Thomas Aquinas (1225-1274)

It seems to me that two prior traditions are meeting in this quote: one that affirmed the life of full dedication to God’s Purpose (early Greek Fathers?) and the other (Augustinian?) that affirmed that we could never be without sin. And Thomas attempts to somehow affirm both streams of tradition.

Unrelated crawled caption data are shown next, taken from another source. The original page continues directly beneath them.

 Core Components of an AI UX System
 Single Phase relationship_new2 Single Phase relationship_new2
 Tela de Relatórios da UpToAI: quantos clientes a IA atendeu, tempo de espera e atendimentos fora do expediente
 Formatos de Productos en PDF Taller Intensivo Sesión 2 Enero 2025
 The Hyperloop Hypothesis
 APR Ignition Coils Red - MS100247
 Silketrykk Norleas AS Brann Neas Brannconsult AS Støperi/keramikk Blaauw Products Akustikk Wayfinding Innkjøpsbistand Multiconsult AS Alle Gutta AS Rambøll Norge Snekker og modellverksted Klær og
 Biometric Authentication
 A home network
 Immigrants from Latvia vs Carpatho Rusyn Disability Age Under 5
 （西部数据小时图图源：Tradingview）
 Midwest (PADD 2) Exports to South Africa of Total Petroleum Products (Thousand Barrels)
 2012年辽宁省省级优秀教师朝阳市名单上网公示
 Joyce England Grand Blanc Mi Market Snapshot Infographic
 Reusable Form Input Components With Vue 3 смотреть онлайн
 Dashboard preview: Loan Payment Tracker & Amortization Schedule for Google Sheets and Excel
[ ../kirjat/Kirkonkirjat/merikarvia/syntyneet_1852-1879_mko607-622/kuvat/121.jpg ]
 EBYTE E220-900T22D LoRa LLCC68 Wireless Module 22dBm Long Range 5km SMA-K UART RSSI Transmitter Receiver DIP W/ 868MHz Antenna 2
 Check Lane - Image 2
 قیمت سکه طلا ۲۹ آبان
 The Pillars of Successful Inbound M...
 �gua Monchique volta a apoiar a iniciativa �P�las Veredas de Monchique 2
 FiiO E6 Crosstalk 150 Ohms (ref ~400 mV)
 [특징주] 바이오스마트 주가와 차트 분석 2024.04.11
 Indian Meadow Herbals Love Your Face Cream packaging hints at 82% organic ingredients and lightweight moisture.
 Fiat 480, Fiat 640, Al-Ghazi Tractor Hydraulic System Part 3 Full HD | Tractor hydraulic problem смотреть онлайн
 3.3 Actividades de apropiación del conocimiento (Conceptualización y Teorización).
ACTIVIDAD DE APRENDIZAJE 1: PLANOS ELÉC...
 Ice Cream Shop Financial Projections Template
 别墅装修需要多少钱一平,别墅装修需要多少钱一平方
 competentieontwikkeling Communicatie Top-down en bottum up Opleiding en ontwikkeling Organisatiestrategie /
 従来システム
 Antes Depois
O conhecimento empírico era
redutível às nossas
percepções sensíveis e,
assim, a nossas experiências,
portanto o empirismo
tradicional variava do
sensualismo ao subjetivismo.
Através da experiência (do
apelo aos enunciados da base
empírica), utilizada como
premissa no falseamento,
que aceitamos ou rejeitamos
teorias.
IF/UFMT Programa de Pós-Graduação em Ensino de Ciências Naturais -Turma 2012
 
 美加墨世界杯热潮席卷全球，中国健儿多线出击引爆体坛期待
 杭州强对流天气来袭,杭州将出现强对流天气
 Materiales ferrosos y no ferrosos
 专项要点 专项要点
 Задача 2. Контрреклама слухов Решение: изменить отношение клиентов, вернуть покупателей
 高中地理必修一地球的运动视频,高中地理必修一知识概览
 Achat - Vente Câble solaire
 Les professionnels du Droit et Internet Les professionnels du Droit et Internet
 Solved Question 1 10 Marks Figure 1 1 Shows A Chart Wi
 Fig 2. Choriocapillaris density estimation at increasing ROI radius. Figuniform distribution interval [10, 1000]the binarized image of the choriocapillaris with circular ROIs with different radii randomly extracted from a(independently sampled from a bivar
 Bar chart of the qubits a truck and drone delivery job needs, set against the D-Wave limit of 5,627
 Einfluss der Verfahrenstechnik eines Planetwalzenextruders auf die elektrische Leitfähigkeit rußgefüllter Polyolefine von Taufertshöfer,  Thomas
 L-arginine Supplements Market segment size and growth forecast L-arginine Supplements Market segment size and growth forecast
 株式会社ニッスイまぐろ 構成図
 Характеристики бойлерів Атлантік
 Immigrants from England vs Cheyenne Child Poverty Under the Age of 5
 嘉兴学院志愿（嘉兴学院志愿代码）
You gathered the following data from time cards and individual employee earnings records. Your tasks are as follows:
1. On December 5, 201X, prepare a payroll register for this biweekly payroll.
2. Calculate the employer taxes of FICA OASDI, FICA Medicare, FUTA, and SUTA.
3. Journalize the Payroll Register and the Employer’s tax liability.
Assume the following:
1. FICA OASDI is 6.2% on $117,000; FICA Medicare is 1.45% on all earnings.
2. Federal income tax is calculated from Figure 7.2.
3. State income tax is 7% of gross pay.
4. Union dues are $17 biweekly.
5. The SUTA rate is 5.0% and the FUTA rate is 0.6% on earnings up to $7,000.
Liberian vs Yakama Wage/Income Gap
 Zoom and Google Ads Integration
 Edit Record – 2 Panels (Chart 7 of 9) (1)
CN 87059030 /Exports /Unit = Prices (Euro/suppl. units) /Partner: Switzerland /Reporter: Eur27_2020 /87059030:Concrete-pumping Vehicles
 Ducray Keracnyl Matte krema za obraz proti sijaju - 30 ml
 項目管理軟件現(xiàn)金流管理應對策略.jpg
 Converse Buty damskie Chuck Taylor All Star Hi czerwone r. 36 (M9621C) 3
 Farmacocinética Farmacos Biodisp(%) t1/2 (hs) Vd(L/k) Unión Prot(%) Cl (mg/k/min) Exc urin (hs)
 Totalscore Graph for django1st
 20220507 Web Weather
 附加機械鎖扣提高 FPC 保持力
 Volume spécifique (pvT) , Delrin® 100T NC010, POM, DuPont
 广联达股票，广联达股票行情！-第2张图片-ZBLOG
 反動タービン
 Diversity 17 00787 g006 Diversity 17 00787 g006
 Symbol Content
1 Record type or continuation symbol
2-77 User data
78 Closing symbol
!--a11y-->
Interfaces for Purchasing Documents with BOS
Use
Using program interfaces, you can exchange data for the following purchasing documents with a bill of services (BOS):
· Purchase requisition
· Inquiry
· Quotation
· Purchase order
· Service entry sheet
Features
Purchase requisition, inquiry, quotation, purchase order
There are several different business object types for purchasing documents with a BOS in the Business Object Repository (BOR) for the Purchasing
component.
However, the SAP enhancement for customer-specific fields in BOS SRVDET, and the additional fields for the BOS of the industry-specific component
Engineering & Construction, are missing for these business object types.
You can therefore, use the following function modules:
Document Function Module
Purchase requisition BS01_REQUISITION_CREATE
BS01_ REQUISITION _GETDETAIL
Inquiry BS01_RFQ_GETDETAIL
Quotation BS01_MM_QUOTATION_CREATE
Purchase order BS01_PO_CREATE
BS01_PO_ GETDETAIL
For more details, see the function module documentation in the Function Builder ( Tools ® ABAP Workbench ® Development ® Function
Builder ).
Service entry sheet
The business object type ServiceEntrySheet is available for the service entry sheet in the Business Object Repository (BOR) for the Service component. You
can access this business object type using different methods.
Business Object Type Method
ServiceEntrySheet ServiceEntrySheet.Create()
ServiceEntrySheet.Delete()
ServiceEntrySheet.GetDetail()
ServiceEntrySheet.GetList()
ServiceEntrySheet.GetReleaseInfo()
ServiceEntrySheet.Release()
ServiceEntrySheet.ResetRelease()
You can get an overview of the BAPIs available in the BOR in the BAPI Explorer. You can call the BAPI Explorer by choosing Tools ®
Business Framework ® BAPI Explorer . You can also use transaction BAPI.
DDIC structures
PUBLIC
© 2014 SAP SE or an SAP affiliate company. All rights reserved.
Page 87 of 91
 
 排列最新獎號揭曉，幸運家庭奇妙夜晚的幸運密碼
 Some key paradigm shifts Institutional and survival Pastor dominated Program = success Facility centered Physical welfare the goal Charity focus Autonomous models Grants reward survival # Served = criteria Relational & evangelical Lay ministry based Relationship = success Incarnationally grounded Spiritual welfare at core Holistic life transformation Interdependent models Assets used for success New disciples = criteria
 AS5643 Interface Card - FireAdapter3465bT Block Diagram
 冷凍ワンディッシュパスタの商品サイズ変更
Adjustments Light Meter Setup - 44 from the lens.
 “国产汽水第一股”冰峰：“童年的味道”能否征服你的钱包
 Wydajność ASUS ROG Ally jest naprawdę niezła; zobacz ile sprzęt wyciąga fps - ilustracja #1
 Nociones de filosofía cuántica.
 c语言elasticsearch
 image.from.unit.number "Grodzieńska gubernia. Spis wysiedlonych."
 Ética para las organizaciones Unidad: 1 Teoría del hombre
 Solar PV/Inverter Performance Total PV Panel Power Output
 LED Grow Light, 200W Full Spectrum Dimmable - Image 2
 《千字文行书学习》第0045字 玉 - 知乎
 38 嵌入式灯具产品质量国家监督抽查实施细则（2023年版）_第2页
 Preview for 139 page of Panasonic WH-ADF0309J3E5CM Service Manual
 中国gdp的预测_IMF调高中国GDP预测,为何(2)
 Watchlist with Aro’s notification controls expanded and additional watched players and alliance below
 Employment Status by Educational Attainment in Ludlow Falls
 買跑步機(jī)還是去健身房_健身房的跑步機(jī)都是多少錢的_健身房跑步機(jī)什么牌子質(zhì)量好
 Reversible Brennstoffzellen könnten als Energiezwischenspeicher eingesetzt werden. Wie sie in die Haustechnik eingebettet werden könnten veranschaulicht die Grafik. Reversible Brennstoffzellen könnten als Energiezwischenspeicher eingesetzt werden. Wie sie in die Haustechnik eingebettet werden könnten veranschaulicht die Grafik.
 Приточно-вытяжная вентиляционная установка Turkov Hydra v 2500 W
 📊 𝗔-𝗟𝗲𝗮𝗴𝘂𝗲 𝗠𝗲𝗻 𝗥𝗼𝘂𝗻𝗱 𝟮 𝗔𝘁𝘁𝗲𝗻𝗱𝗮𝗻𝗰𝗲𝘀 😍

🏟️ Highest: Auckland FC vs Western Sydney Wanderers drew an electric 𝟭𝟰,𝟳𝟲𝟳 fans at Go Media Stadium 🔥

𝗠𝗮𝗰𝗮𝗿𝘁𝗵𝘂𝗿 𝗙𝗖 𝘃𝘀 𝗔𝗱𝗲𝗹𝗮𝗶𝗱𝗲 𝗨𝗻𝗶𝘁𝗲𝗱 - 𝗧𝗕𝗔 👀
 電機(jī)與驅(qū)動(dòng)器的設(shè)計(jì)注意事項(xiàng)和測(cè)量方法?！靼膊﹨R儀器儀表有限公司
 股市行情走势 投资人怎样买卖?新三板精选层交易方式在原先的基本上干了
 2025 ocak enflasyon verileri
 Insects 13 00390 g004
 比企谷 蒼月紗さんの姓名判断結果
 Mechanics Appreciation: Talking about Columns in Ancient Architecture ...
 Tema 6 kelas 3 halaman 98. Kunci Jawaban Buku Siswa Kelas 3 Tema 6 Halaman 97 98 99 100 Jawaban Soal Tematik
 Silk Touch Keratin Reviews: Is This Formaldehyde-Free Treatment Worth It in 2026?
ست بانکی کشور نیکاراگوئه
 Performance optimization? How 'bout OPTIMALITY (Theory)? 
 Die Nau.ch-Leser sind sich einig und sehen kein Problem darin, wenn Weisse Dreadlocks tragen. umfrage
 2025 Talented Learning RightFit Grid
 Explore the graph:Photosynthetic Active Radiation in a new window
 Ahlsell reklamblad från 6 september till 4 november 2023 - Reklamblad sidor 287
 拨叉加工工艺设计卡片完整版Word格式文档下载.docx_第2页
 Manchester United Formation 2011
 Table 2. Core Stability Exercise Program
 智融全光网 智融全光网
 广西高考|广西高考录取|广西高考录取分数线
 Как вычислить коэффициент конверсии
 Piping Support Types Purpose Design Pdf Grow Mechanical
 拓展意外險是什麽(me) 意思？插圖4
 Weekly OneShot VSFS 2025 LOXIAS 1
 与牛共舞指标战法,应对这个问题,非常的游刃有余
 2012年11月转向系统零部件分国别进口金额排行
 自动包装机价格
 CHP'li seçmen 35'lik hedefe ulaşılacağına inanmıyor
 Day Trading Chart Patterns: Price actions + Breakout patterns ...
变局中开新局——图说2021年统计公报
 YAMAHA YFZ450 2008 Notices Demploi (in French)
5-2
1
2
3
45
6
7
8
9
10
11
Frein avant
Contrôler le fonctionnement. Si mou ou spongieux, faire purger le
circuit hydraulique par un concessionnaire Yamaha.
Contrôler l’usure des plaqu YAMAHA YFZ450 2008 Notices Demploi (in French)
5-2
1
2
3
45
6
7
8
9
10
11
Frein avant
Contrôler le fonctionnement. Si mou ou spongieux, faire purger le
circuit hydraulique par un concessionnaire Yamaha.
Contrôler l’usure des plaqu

Among the good there are some who have wholeheartedly despised temporal possessions and have dedicated themselves to God alone and to the things that are of God. Accordingly, since sin is committed by cleaving to changeable goods in contempt of the changeless Good, such souls exhibit no mingling of good and evil. This is not to imply that they live without sin, for in their person is asserted what we read in 1 John 1:8: ‘If we say we have no sin, we deceive ourselves.’ although certain lesser sins are found in them, these are, so to speak, consumed by the fire of charity, and so seem to be nothing. At the Judgement, therefore, such souls will not be judged by an investigation of their deeds.

— Thomas Aquinas, Aquinas’ Shorter Summa: St. Thomas Aquinas’s Own Concise Version of His Summa Theologica (trans. Cyril Vollert) Sophia Institute Press: Manchester, New Hampshire 1993. p. 323.

What I don’t know is how this point of view may have influenced ideas in the teachings of St. John of the Cross or the other subsequent Christian mystic writers.